As an example, consider the $n$-sphere $S^n=\left\{x∈\mathbb{R}^{n+1}:‖x‖=1\right\}$ triangulated
into $2^{n+1}$ simplices by the coordinate hyperplanes $x_i=0$.
A blurring for this triangulation can be constructed as $h_t(x)=\operatorname{proj}\left(C_t(x)\right)$,
where $\operatorname{proj}(x)=x/‖x‖$, $C_t(x_0,…,x_n)=(c_t(x_0),…,c_t(x_n))$,
$c_t(r)=(1−t)r+t·b(r)$, and $b$ is a smooth bump function such that
$b=\operatorname{id}$ on $(−∞,−ϵ]∪[ϵ,∞)$ and $b=0$ on $[−ϵ/2,ϵ/2]$, where $ϵ<1/(n+1)$.

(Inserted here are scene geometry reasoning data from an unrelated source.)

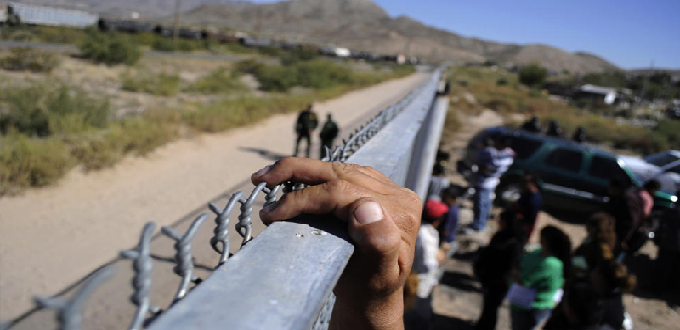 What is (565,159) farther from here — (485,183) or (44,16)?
(44,16)

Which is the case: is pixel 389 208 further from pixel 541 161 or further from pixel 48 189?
pixel 541 161

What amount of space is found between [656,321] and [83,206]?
8839 mm

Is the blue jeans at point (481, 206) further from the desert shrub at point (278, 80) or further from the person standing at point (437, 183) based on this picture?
the desert shrub at point (278, 80)

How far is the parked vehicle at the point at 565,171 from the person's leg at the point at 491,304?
15.5 ft

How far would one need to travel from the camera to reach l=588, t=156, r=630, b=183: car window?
28.3ft

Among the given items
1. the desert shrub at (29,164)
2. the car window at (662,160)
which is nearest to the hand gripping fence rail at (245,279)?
the desert shrub at (29,164)

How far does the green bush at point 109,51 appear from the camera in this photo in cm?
2634

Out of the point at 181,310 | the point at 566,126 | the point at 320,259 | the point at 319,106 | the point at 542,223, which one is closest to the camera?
the point at 181,310

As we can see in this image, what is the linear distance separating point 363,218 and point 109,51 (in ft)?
99.3

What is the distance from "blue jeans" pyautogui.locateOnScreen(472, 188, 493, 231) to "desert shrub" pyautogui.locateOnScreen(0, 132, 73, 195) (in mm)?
7708

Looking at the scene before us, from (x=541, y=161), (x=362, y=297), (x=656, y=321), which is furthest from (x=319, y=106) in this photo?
(x=362, y=297)

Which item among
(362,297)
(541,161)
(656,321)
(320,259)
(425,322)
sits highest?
(320,259)

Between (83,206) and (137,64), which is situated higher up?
(137,64)

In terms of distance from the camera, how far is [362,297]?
4.01 feet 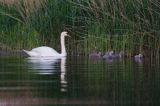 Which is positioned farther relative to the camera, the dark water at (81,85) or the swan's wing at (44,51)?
the swan's wing at (44,51)

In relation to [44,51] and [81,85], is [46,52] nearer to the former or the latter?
[44,51]

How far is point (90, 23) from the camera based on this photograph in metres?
24.3

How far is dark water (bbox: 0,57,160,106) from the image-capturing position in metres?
11.4

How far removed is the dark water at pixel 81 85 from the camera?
1141 cm

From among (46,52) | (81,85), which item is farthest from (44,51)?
(81,85)

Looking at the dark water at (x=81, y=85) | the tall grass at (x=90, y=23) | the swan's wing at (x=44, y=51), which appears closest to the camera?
the dark water at (x=81, y=85)

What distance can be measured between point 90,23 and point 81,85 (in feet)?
35.5

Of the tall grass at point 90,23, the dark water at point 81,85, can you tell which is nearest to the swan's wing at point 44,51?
the tall grass at point 90,23

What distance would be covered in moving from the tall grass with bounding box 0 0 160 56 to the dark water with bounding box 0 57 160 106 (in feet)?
10.5

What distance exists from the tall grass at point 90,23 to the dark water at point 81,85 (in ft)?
10.5

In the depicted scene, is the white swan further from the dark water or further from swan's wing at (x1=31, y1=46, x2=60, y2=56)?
the dark water

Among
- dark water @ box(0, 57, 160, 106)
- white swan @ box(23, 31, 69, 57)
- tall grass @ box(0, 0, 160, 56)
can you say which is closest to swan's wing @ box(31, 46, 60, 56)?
white swan @ box(23, 31, 69, 57)

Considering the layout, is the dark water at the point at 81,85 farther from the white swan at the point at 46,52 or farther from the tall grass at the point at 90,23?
the white swan at the point at 46,52

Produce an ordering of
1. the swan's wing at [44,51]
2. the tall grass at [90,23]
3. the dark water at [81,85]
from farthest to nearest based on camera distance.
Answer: the swan's wing at [44,51]
the tall grass at [90,23]
the dark water at [81,85] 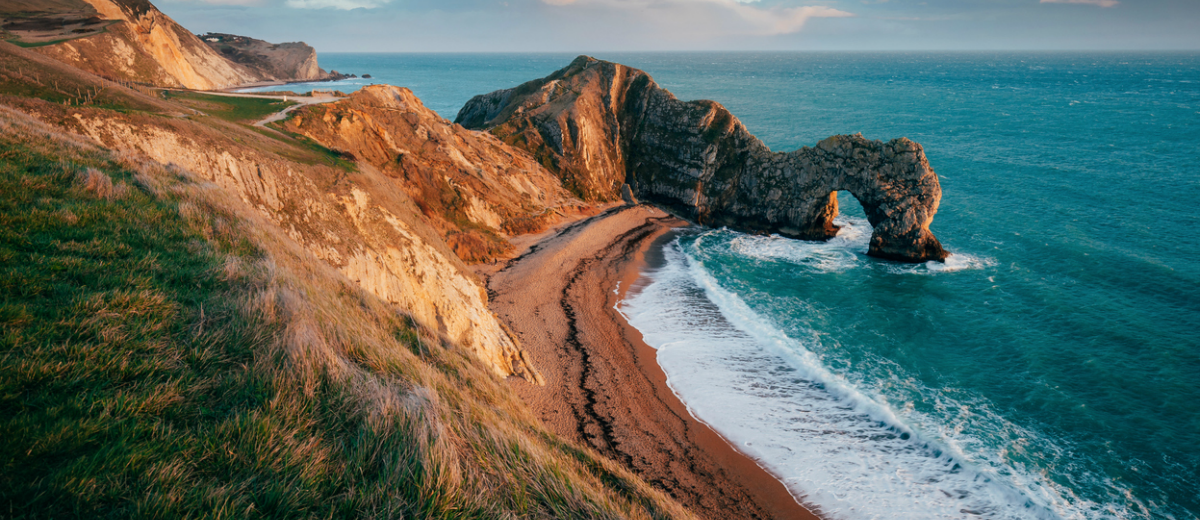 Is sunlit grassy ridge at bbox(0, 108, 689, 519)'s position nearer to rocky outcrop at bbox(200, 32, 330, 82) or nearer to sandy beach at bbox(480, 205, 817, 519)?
sandy beach at bbox(480, 205, 817, 519)

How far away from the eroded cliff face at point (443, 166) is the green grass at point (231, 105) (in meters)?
2.50

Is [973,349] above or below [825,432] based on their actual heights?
above

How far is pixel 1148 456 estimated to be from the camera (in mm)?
19578

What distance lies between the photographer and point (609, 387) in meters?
23.4

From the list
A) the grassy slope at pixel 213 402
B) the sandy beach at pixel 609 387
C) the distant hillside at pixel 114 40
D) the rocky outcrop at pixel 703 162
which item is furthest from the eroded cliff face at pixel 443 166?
the grassy slope at pixel 213 402

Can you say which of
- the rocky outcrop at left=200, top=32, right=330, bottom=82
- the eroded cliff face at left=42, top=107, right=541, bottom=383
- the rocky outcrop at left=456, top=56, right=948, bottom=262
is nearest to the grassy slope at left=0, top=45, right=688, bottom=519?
the eroded cliff face at left=42, top=107, right=541, bottom=383

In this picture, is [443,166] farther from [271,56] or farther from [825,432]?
[271,56]

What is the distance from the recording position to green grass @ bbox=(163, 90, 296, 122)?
101 feet

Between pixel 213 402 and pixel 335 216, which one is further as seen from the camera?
pixel 335 216

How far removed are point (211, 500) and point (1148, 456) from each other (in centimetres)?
3007

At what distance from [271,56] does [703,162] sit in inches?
5673

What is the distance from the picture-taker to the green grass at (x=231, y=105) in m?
30.9

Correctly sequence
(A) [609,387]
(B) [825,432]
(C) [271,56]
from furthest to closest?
1. (C) [271,56]
2. (A) [609,387]
3. (B) [825,432]

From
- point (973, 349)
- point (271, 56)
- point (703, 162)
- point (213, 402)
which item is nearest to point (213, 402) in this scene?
point (213, 402) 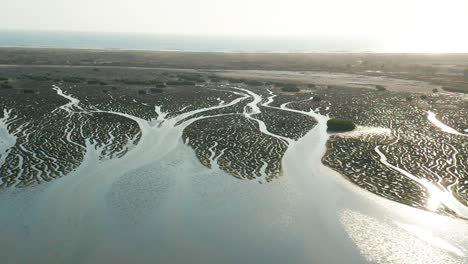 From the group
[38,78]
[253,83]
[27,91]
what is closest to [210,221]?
[27,91]

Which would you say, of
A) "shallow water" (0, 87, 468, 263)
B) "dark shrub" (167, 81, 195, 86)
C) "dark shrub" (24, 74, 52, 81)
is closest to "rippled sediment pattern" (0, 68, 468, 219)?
"shallow water" (0, 87, 468, 263)

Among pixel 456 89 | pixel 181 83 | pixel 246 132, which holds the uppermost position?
pixel 456 89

**Does every smooth triangulation of a smooth manifold admit a blurring?**
Madsen and Weiss in §A.1 of their paper on Mumford's conjecture
incorporate the above notion of blurring into their notion
of an _extended triangulation_ (which also involves a total ordering on vertices of $T$,
an extension of simplices of $T$ to extended simplices in a compatible way,
and a requirement that $h_t$ preserves extended simplices).
They assert without proof that any smooth triangulation can be extended
to an extended triangulation, which in particular would imply a positive
answer to the above question.
This assertion is an important step in their proof of Mumford's conjecture.

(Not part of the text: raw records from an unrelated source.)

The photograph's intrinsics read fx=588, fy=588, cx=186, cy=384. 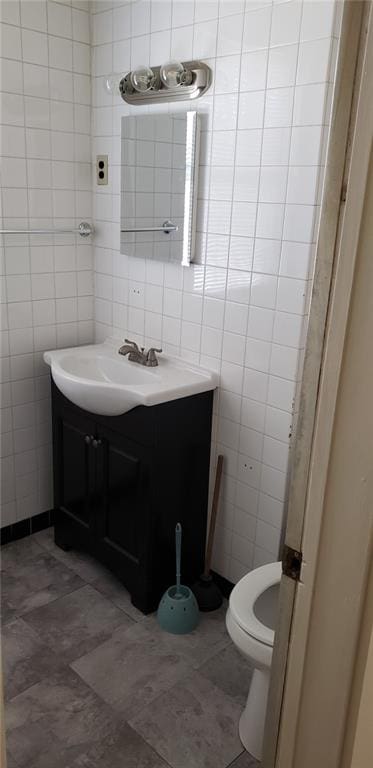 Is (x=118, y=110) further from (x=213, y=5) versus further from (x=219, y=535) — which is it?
(x=219, y=535)

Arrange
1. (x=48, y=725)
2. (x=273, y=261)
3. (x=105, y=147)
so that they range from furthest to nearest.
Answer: (x=105, y=147) → (x=273, y=261) → (x=48, y=725)

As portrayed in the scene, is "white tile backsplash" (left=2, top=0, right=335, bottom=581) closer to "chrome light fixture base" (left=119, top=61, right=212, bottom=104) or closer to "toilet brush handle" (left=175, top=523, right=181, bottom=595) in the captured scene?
"chrome light fixture base" (left=119, top=61, right=212, bottom=104)

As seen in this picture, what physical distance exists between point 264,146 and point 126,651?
1811 mm

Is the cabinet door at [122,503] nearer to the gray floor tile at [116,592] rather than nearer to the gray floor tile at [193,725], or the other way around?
the gray floor tile at [116,592]

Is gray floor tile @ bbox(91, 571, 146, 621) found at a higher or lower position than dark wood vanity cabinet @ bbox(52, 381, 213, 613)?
lower

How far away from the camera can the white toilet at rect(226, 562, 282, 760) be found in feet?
5.30

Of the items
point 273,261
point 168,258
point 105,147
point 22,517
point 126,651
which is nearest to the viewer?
point 273,261

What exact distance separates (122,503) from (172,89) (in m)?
1.56

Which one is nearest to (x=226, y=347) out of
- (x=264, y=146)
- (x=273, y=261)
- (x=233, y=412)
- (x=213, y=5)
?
(x=233, y=412)

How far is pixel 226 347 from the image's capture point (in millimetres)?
2197

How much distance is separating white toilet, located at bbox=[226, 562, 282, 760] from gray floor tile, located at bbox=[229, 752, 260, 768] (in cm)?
2

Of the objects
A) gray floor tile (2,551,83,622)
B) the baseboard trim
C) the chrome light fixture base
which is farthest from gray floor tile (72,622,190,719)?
the chrome light fixture base

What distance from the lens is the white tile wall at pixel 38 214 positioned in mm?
2336

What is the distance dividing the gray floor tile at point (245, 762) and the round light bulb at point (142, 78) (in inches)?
89.8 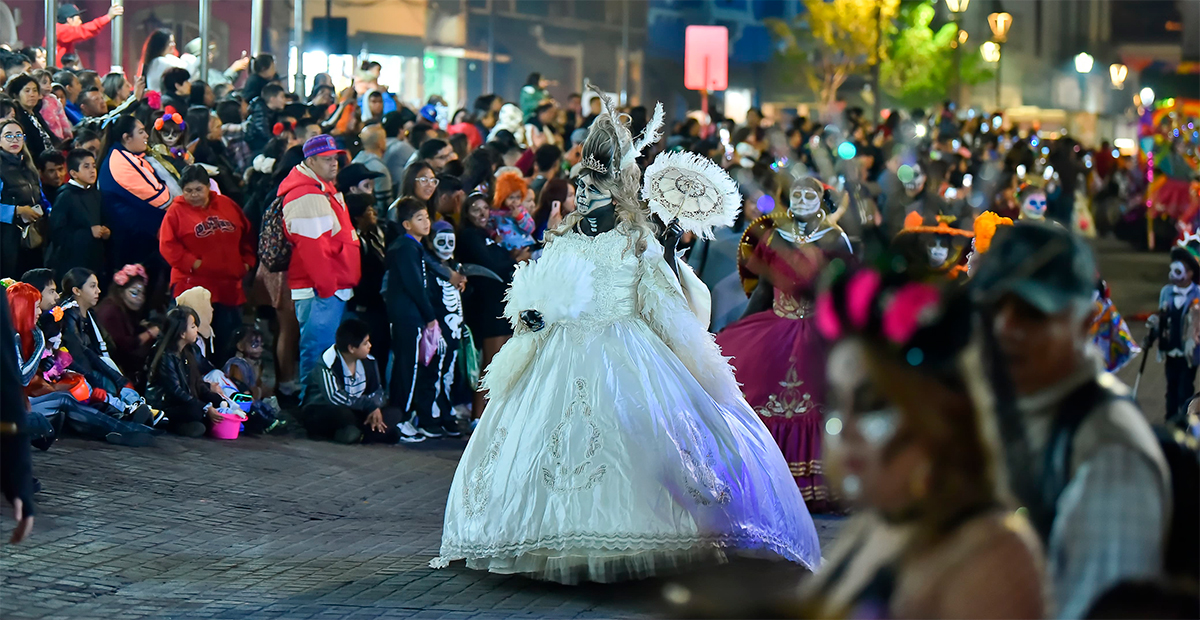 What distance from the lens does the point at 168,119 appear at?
1134cm

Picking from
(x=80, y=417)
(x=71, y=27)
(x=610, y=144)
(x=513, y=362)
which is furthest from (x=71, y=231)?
(x=71, y=27)

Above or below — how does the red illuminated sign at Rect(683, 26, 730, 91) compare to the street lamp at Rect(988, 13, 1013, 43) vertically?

Some obvious approaches to constructing blurrings fail for various reasons.
For example, one can construct a family of smooth maps $b_n\colon Δ^n→Δ^n$,
functorial in the simplex $n$, such that $b_n$ maps an open neighborhood of $∂Δ^n$ to $∂Δ^n$.
Using a linear interpolation between $b_n$ and the identity map on $Δ^n$,
one can construct a _continuous_ homotopy $h$ that satisfies all the properties of a blurring except smoothness.
However, such an $h$ is not smooth on simplices of codimension 1 and higher.
Another approach tries to construct $h$ by induction on the skeleta of $T$.
For example, given a map $h \colon [0,1]×T_n→T_n$ defined on the $n$-skeleton $T_n$ of $T$ satisfying the above properties,
one could try to extend it to the $(n+1)$-skeleton $T_{n+1}$ of $T$ using (very roughly) the following three steps:
(a) for each $n$-simplex $σ$ of $T$ construct an extension of $h$ to some open neighborhood of the interior of $σ$ inside $T_{n+1}$;
(b) assemble all maps constructed in part (a) into a single extension of $h$ to some open neighborhood of $T_n$ inside $T_{n+1}$;
(c) extend the map in (b) from the open neighborhood of $T_n$ to $T_{n+1}$.
Even if one succeeds at (a) and (c), it is not at all clear to me what to do about (b), because there is no reason why all the individual extensions should be compatible near the $(n−1)$-simplices of $T$.
I'm also open to imposing additional conditions on smooth triangulations,
as long as one can show that any smooth manifold admits a smooth triangulation with such additional properties.